TASK TO CARRY OUT → Your task is to restate the listing word for word without the pictures.

++++++++++

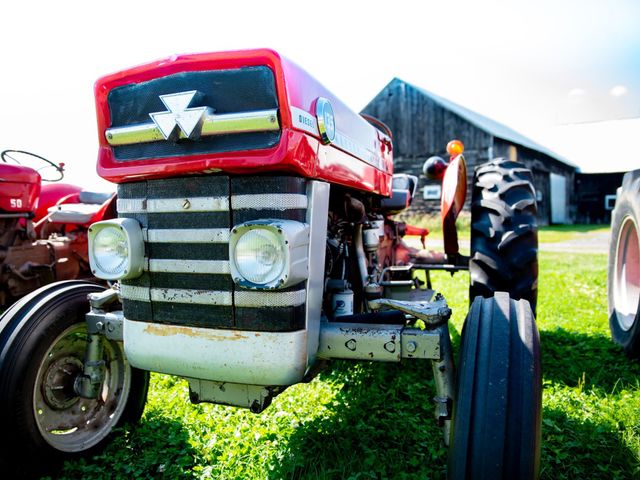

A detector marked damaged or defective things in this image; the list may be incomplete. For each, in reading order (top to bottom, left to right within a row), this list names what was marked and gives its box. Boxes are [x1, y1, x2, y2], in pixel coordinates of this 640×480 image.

rust spot on metal [144, 322, 249, 342]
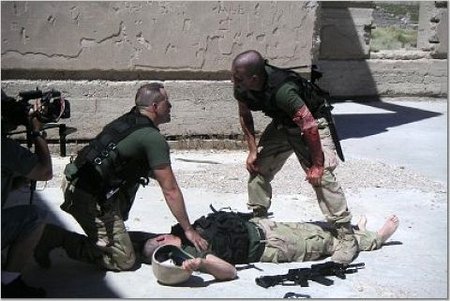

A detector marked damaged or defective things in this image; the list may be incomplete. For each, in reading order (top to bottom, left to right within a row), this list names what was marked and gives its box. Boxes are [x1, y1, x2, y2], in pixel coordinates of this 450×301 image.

cracked wall surface [2, 1, 320, 74]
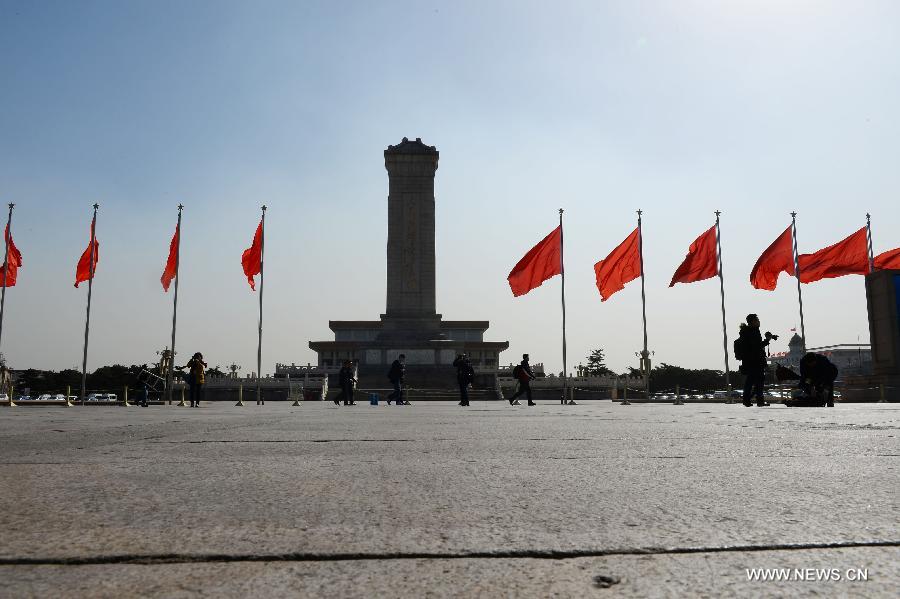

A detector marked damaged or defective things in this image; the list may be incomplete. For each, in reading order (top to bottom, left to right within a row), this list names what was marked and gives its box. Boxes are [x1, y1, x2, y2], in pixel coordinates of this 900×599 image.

++++++++++

ANSWER TO THIS EXERCISE →
A detector marked damaged or defective things in this image; the list may be incomplete. For each, in reading order (top to bottom, left to right within a row), this list names what was marked and gives its box. Boxes are [x1, y1, x2, y2], in pixel coordinates of this 640×480 image.

rust spot on metal [144, 322, 249, 342]

A detector marked damaged or defective things in this image; the list may be incomplete. For each, in reading order (top to bottom, left to right within a row), this list names what was marked and gives its box. Boxes are [x1, y1, x2, y2], in pixel coordinates of this 450×301 image.

cracked wall surface [2, 1, 320, 74]

A detector marked damaged or defective things in this image; the list may be incomplete. For each, in reading order (top to bottom, left to right within a row), this list names what was marked and gives its box. Boxes are [x1, y1, x2, y2], in pixel coordinates of this 900×599 image.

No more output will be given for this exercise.